Le discernement des esprits selon Ignace de Loyola. Les aléas d’une transmission (xvie-xxsiècle)

Dominique Salin
Théologie - Recenseur : Alban Massie s.j.

Dans la collection Petite bibliothèque jésuite, maintenant bien installée dans le paysage éditorial français, le jésuite Dominique Salin, ancien professeur d’histoire de la spiritualité au centre Sèvres (Paris), offre un parcours historique de l’approche ignatienne du discernement des esprits qui aboutit à la présentation des diverses manières actuelles de vivre les Exercices spirituels. C’est en effet du livret des Exercices que sont issues les « règles de discernement », plus exactement les « Règles pour sentir et reconnaître en quelque manière les diverses motions qui se produisent dans l’âme » (ES 313). La part belle de cet ouvrage concerne l’expérience d’Ignace lui-même, que l’A. déchiffre à partir du Récit du pèlerin ou du Journal des motions mais aussi des Lettres et jusqu’aux Constitutions. Pour lui, le discernement doit pouvoir conduire celui qui agit à dire « c’est moi qui ai décidé » à l’instar d’Ignace lui-même qui n’est pourtant pas dupe de l’action de la grâce sur lui.

C’est pour cela que D.S. invite à redécouvrir les « esprits » à travers la notion d’« affect », tout en récusant une interprétation du discernement qui serait seulement à hauteur d’homme, c’est-à-dire uniquement psychologisante. Il retrace alors l’histoire de l’accompagnement spirituel ignatien depuis le xvie s. jusqu’à nos jours, marquée par des affrontements : opposition entre contemplation et action, accent mis sur l’élection concrète ou sur l’union de l’âme à Dieu, spiritualisation ou psychologisme, part prise dans le discernement par la raison ou par la sensibilité et l’émotion… jusqu’à la mise en œuvre actuelle du discernement communautaire ou à la pratique des Exercices dans la vie ordinaire.

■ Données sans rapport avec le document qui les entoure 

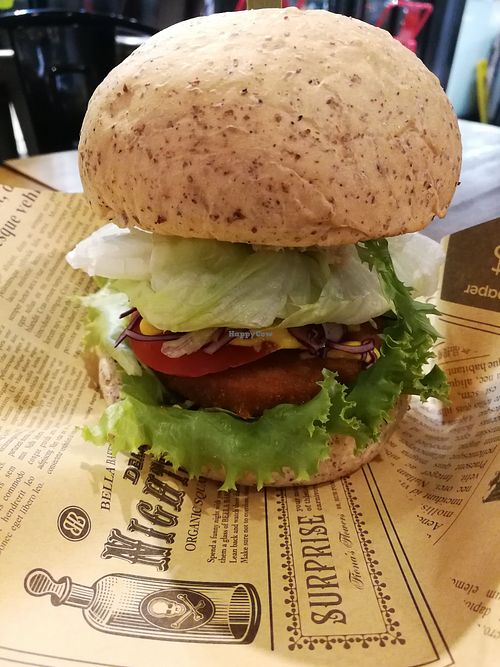 'double decker' vegan burger. at Burger Su - 美式蔬食漢堡 羅東店 in Luodong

Précisément, la question du discernement comme finalité des Exercices conduit à examiner les « temps » proposés par Ignace. On n’est pas surpris que la préférence soit donnée ici aux 2 derniers temps (ES 175-188) au détriment du premier temps « lorsque Dieu notre Seigneur meut et attire la volonté de telle façon que, sans douter ni pouvoir douter, l’âme qui lui est fidèle suit ce qui lui est indiqué » (ES 175, 2), peut-être parce qu’il s’agit alors d’accueillir un appel qui ne vient pas de nous et qui rejoint la consolation sans cause, ce qui est toujours à discerner. Comme le dit justement D.S., il s’agit sans doute alors de reconnaître que « si loin que l’homme aille en lui-même, il y a toujours plus grand et mystérieux que lui en lui » (p. 125).

Par sa clarté et sa tranquille autorité, cet ouvrage est à recommander pour tout accompagnant spirituel, mais peut-être aussi pour tout leader appelé à prendre des décisions qui permettent à la liberté humaine de s’épanouir dans la rencontre avec Celui qui nous rend libre. —A.Ms.